MATERIAL SUPPLIED below:

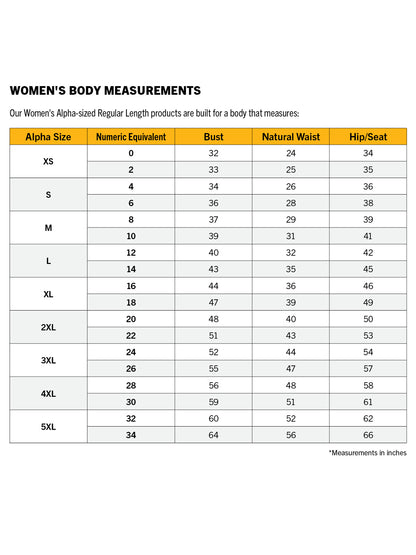 SIZECHART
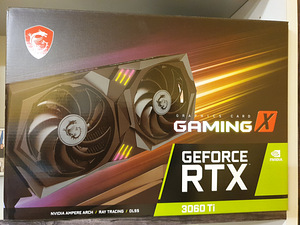 Майнер 12x 3060Ti 715MHs ETH (3 фото из 3)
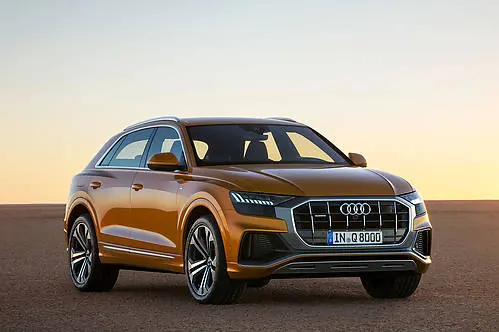 Audi Q8 55TFSI e 381 KM 2022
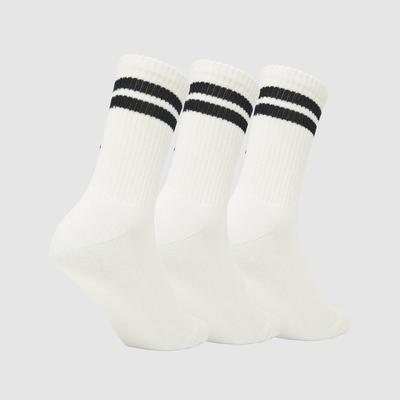 Ellesse Pullo Socks (3 Pairs) - White - main image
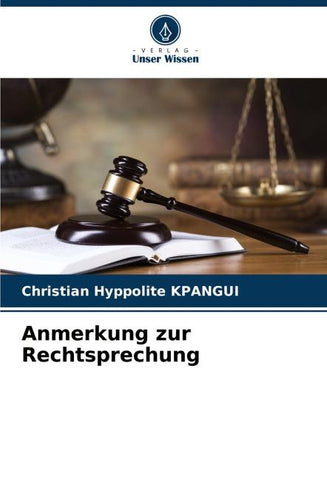 Anmerkung zur Rechtsprechung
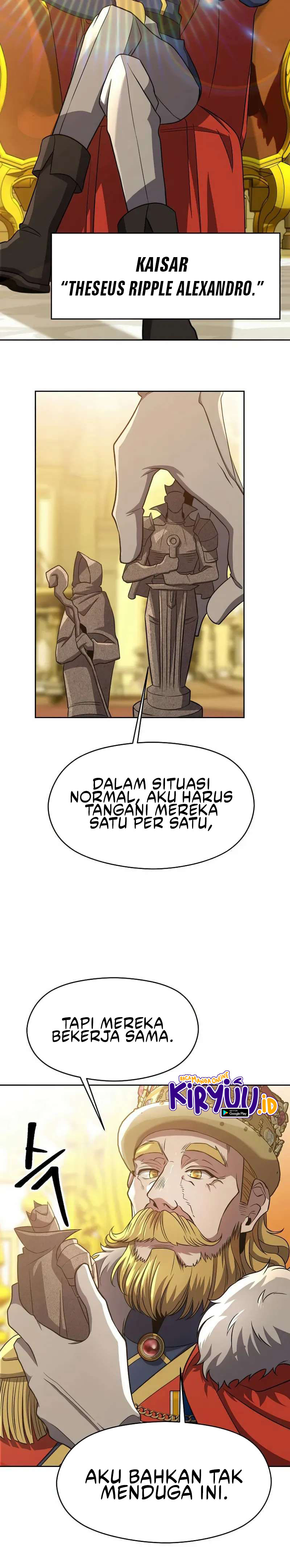 Archmage Transcending Through Regression Chapter 88 Gambar 3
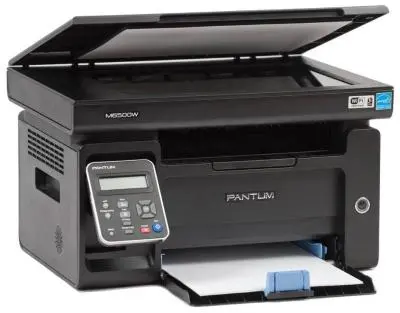 МФУ PANTUM M6500, A4, черный в интернет-магазине Патент24.рф МФУ PANTUM M6500, A4, черный в интернет-магазине Патент24.рф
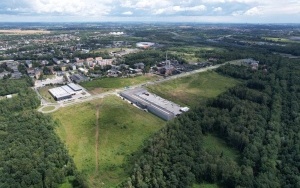 W bytomskim obszarze KSSE ulokowało swój kapitał już 6 firm. Trzy z nich już prowadzą produkcję w halach przemysłowych (1)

End of MATERIAL SUPPLIED.

WORK INSTRUCTION:
Exactly the lines from the one containing "МФУ PANTUM M6500, A4, черный в интернет-магазине Патент24.рф МФУ" through the end of the data above: repeat those, both ends included, and nothing else. Skip the pictures.

THE ANSWER:
 МФУ PANTUM M6500, A4, черный в интернет-магазине Патент24.рф МФУ PANTUM M6500, A4, черный в интернет-магазине Патент24.рф
 W bytomskim obszarze KSSE ulokowało swój kapitał już 6 firm. Trzy z nich już prowadzą produkcję w halach przemysłowych (1)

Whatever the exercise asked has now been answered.